Rich Lowry and Ramesh Ponnuru have a timid—but lengthy!—piece in National Review today that takes to task the purists in the Republican Party who think that the road to victory is always and everywhere to demand more confrontation, more obduracy, and more loyalty to the one true cause:
It is a politics of perpetual intra-Republican denunciation. It focuses its fire on other conservatives as much as on liberals. It takes more satisfaction in a complete loss on supposed principle than in a partial victory, let alone in the mere avoidance of worse outcomes. It has only one tactic — raise the stakes, hope to lower the boom — and treats any prudential disagreement with that tactic as a betrayal. Adherents of this brand of conservative politics are investing considerable time, energy, and money in it, locking themselves in unending intra-party battle.
....The need for greater purity, the ever-present danger of betrayal: These have been long-standing themes on the right. When our people get power, they immediately stop being our people, the great conservative journalist M. Stanton Evans quipped decades ago. Yet this assessment of what ails conservatism has grown less and less true with time.
This is a good point. The tea party faction seems unable to recognize that, in fact, they have very clearly taken over the Republican Party. Moderate Republicans are no longer a real force. For better or worse, right wingers finally have the party they've always wanted—or at least as much of it as any faction is ever likely to get in real life.
But now that they have it, they've discovered that it isn't doing them any good, and Lowry and Ponnuru identify the obvious reason for this: We live in a democracy. The tea partiers may control the Republican Party, but they don't command majority support among the American public. Without that, they'll never be able to advance their agenda, and the more apocalyptic they get, the less likely they are to ever win the kind of broad-based victories that Ronald Reagan did.

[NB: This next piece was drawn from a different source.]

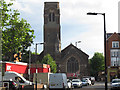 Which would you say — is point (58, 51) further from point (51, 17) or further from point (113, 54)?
point (113, 54)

So why do I call this piece timid? Not because it's full of caveats about how understandable the frustrations of the tea partiers are or how much their hearts are in the right place. That's standard boilerplate in a piece like this.
No, it's timid because, in the end, Lowry and Ponnuru pull back, seemingly unwilling to make any truly robust recommendations for changing things:
For the country to be governed conservatively, however, conservatives have to win more elections....There is no alternative to seeking to expand the conservative base beyond its present inadequate numbers and to win the votes of people who aren’t yet conservatives or are not yet conservatives on all issues. The defunders often said that those who predicted their failure were “defeatists.” Yet it is they who have given in to despair. They are the ones who entertain the ideas that everything has gotten worse; that the last few decades of conservative thought and action have been for nothing; that engagement in politics as traditionally conceived is hopeless; that government programs, once begun, must corrupt the citizenry so that they can never be ended or reformed; that the country will soon be past the point of regeneration, if it is not there already.
OK, but how will conservatives win more elections? L&P explicitly disavow the notion of the party turning left, suggesting only that they're skeptical of "the idea that moving in the opposite direction will in itself pay political dividends." But if they have no concrete suggestions—either in policy or tone or messaging or something—then this is just mush. When Democrats went through this kind of introspection in the 80s, the DLC, for better or worse, drove a conversation that included lots of painfully concrete ideas. That produced plenty of noxious infighting, but it also produced results.
It would be fascinating to see National Review start to play the same kind of role on the right. That's unlikely, I suppose, but one way or another, they need to choose up sides. It's easy and obvious to say that Republicans need to win electoral victories if they want to promote the conservative cause. The bigger question is what Republicans need to do in order to win those victories. Tackling that question in a forthright way will make NR a lot more enemies, but it might, eventually, also produce some actual electoral victories.